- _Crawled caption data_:
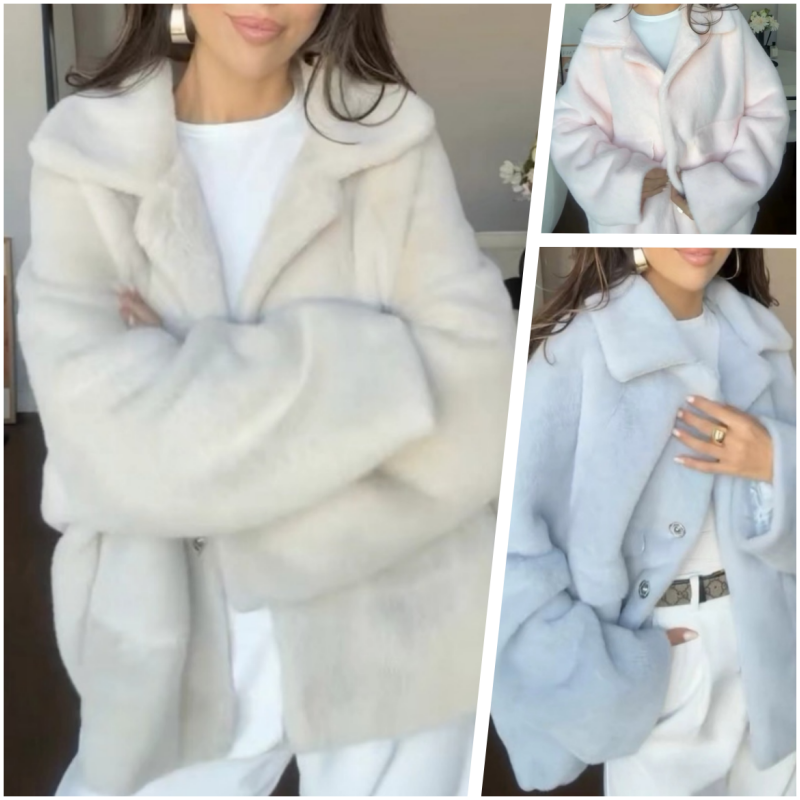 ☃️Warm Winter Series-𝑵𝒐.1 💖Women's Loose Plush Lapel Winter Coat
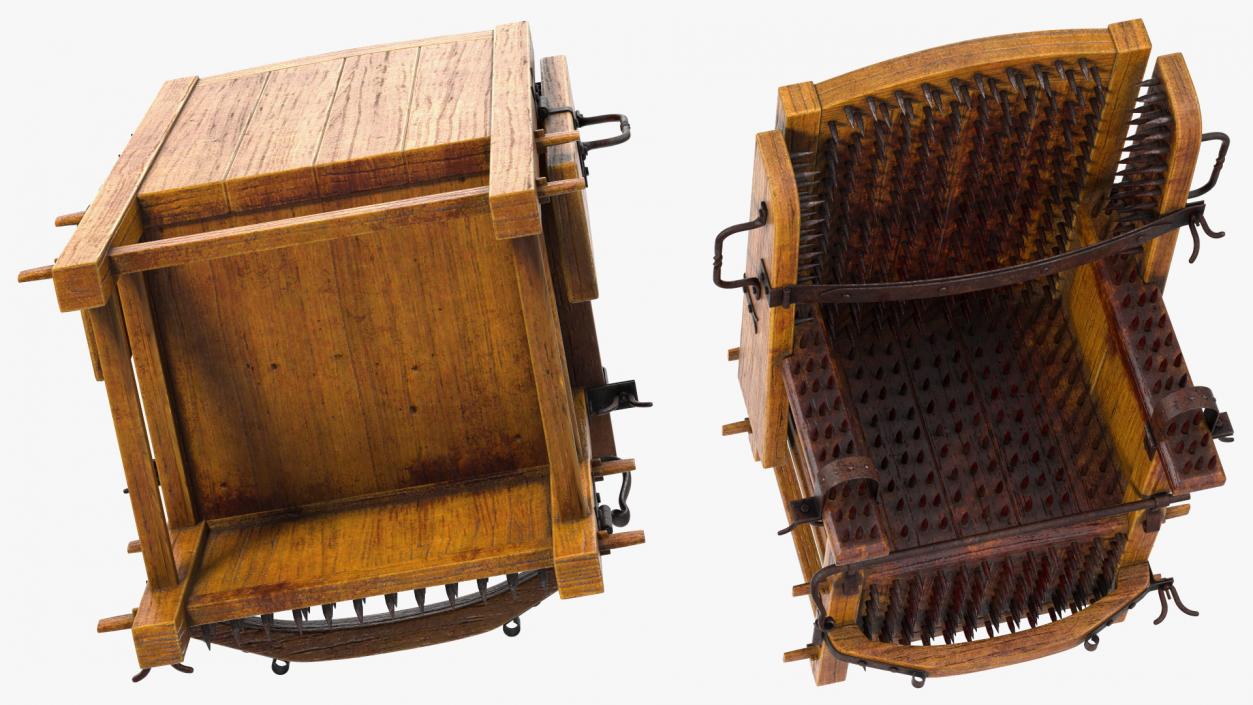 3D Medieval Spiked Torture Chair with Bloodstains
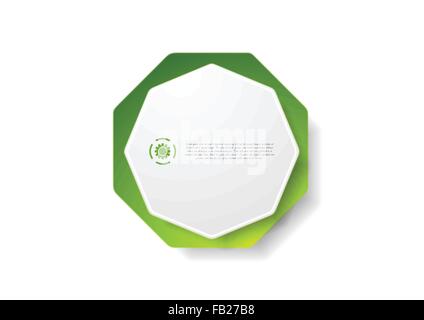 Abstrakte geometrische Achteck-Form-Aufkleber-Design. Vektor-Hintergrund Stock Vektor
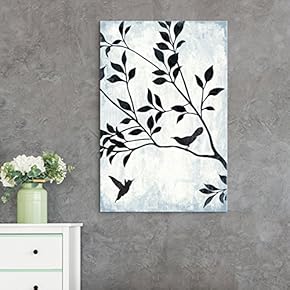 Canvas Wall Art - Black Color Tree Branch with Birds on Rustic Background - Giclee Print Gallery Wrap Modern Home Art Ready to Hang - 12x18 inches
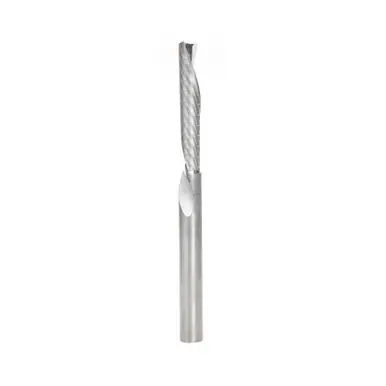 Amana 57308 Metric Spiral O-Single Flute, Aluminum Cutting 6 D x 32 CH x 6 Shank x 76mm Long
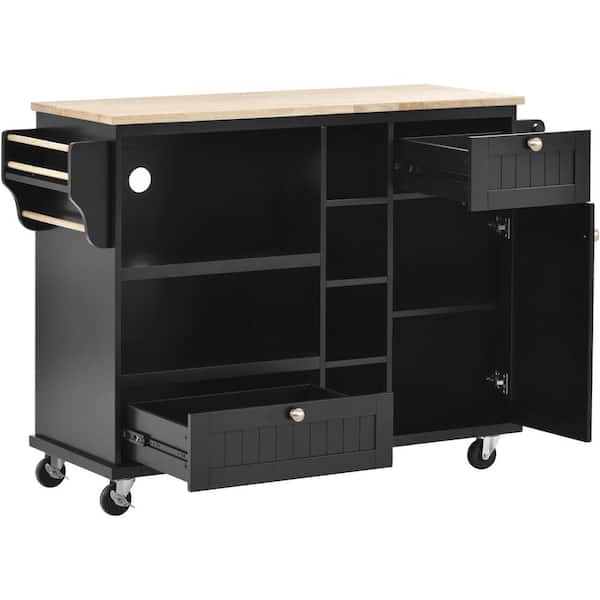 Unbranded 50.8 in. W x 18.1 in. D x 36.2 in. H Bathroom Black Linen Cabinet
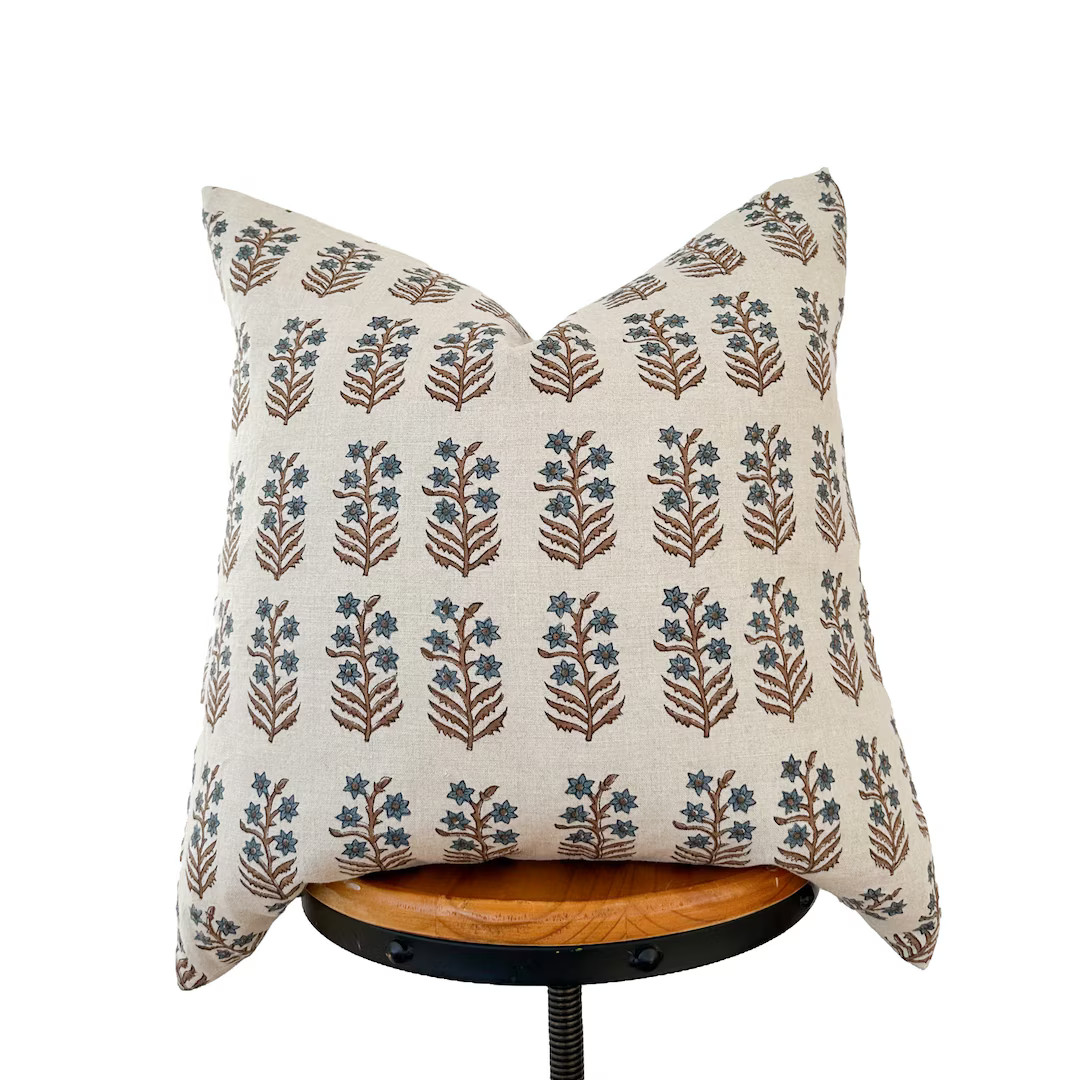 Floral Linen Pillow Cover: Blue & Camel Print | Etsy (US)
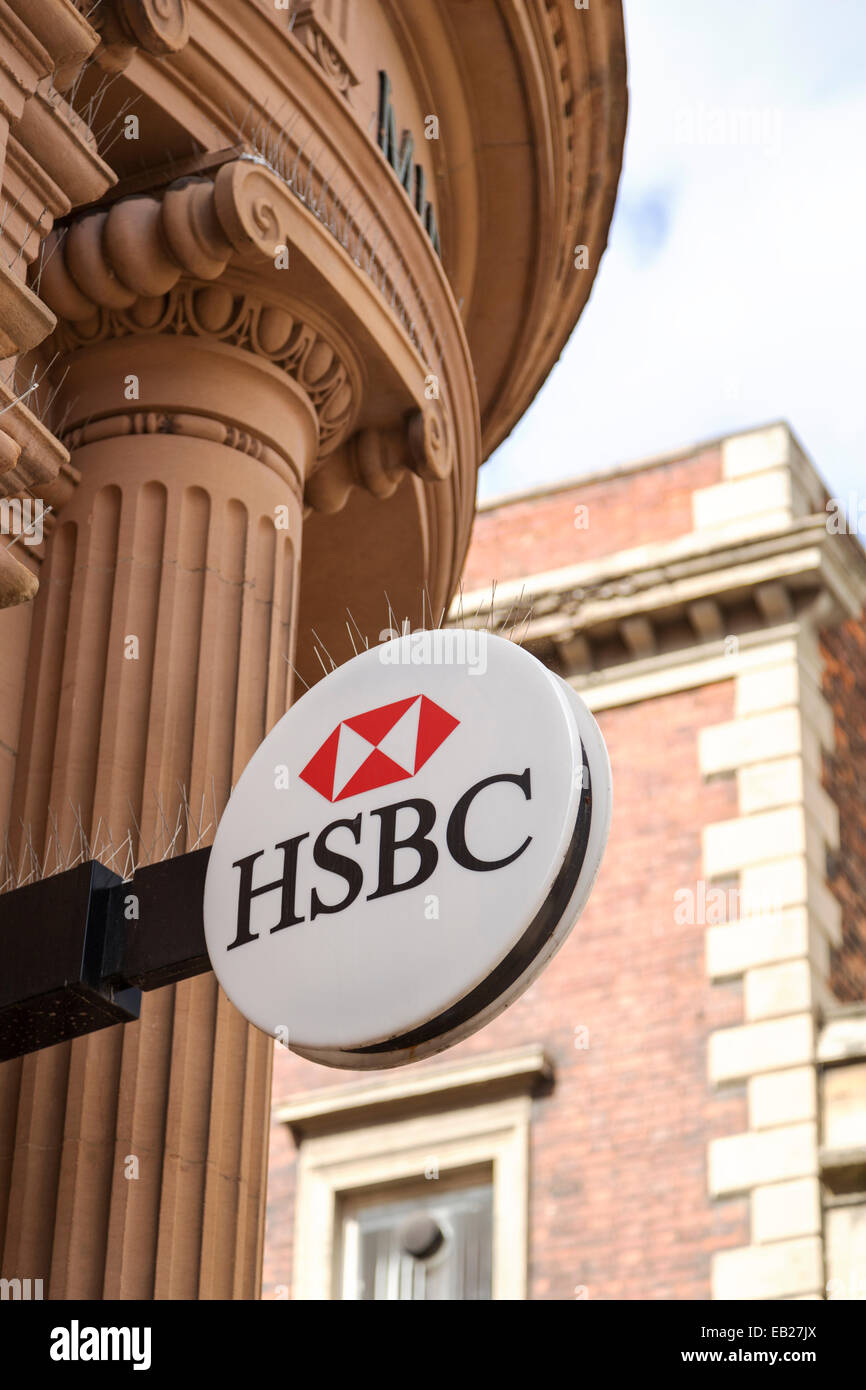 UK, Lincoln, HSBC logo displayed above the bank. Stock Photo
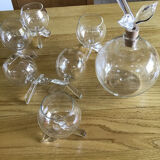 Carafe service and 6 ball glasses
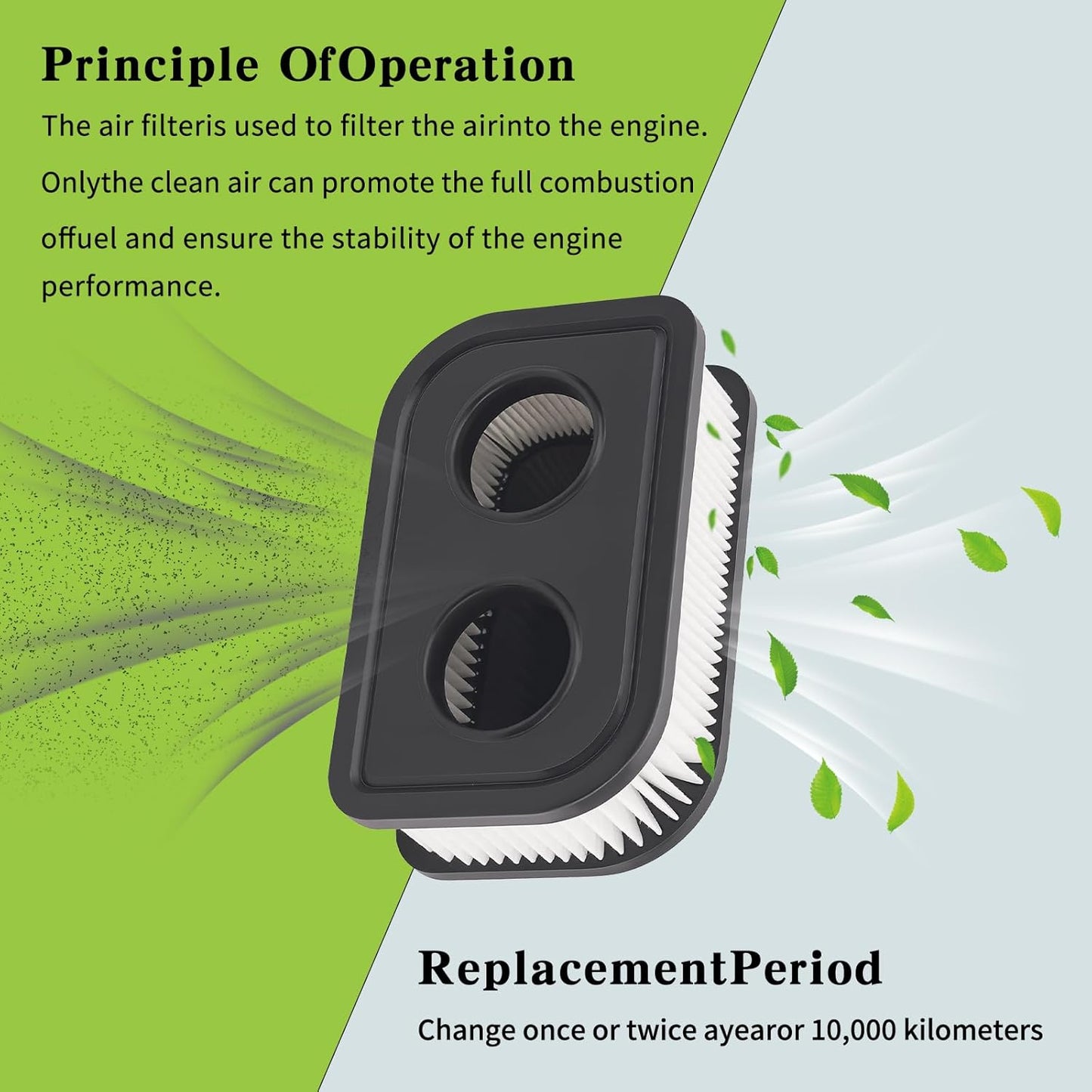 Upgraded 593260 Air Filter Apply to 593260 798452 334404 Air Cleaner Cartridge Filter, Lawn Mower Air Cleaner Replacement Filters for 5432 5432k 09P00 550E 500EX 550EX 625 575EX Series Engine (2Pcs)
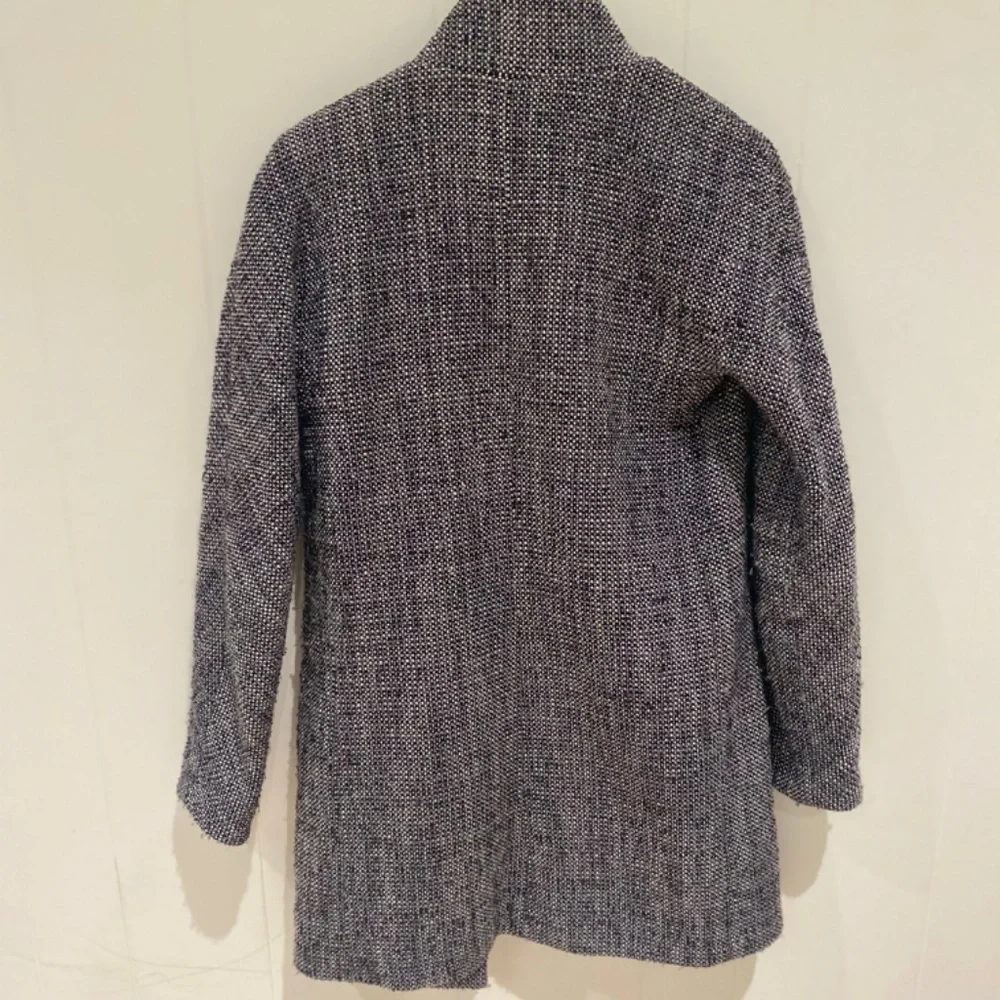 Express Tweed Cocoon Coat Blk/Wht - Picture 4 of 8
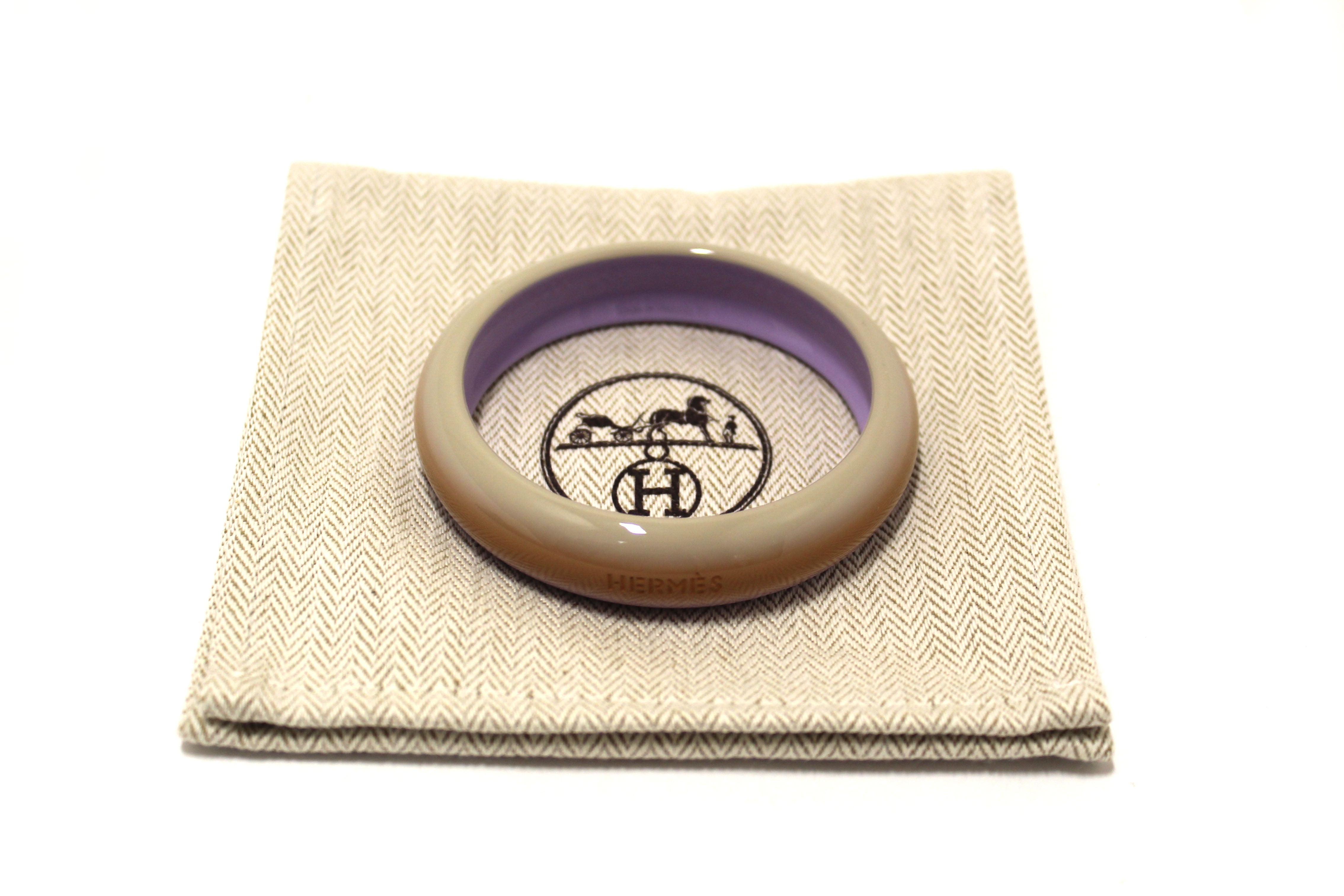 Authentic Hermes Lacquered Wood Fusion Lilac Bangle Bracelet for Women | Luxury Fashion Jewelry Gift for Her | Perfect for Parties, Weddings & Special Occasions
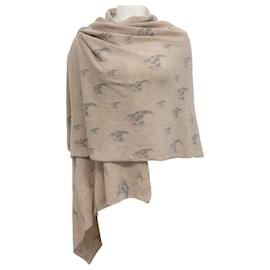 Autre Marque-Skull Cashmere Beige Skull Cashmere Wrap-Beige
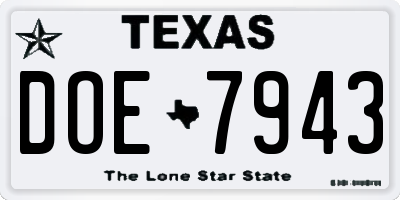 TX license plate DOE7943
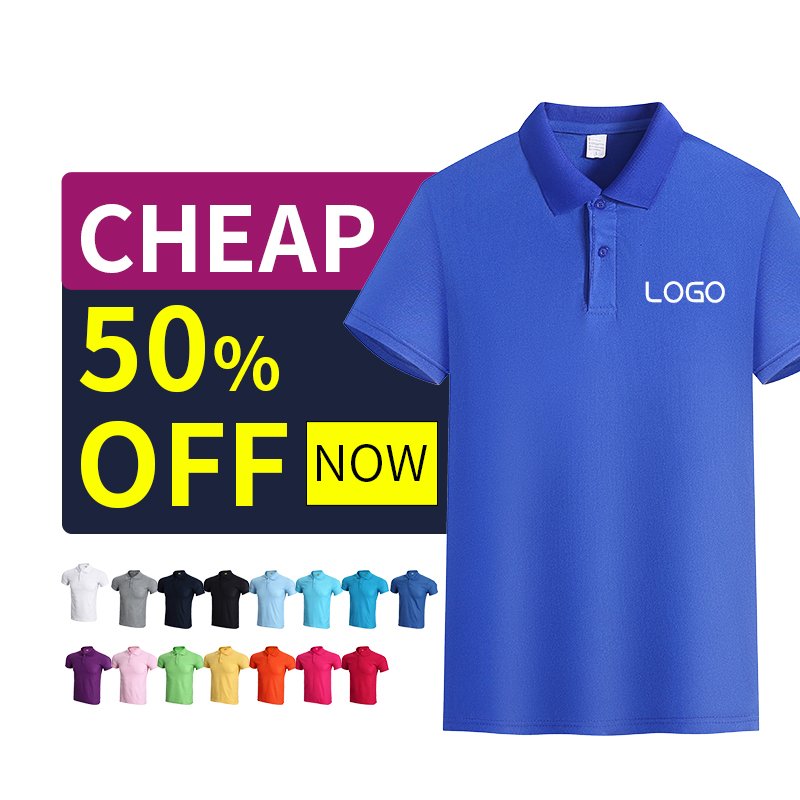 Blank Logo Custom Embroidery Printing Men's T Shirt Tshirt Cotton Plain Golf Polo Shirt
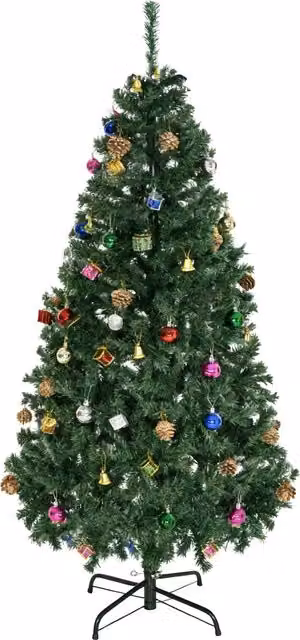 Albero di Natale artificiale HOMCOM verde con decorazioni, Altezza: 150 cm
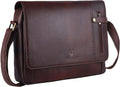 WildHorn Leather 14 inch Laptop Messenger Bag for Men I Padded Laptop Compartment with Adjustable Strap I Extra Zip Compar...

- _What is expected_: An exact copy of every entry, minus the pictures, is what you should return.

- _Result for this task_:
 ☃️Warm Winter Series-𝑵𝒐.1 💖Women's Loose Plush Lapel Winter Coat
 3D Medieval Spiked Torture Chair with Bloodstains
 Abstrakte geometrische Achteck-Form-Aufkleber-Design. Vektor-Hintergrund Stock Vektor
 Canvas Wall Art - Black Color Tree Branch with Birds on Rustic Background - Giclee Print Gallery Wrap Modern Home Art Ready to Hang - 12x18 inches
 Amana 57308 Metric Spiral O-Single Flute, Aluminum Cutting 6 D x 32 CH x 6 Shank x 76mm Long
 Unbranded 50.8 in. W x 18.1 in. D x 36.2 in. H Bathroom Black Linen Cabinet
 Floral Linen Pillow Cover: Blue & Camel Print | Etsy (US)
 UK, Lincoln, HSBC logo displayed above the bank. Stock Photo
 Carafe service and 6 ball glasses
 Upgraded 593260 Air Filter Apply to 593260 798452 334404 Air Cleaner Cartridge Filter, Lawn Mower Air Cleaner Replacement Filters for 5432 5432k 09P00 550E 500EX 550EX 625 575EX Series Engine (2Pcs)
 Express Tweed Cocoon Coat Blk/Wht - Picture 4 of 8
 Authentic Hermes Lacquered Wood Fusion Lilac Bangle Bracelet for Women | Luxury Fashion Jewelry Gift for Her | Perfect for Parties, Weddings & Special Occasions
 Autre Marque-Skull Cashmere Beige Skull Cashmere Wrap-Beige
 TX license plate DOE7943
 Blank Logo Custom Embroidery Printing Men's T Shirt Tshirt Cotton Plain Golf Polo Shirt
 Albero di Natale artificiale HOMCOM verde con decorazioni, Altezza: 150 cm
 WildHorn Leather 14 inch Laptop Messenger Bag for Men I Padded Laptop Compartment with Adjustable Strap I Extra Zip Compar...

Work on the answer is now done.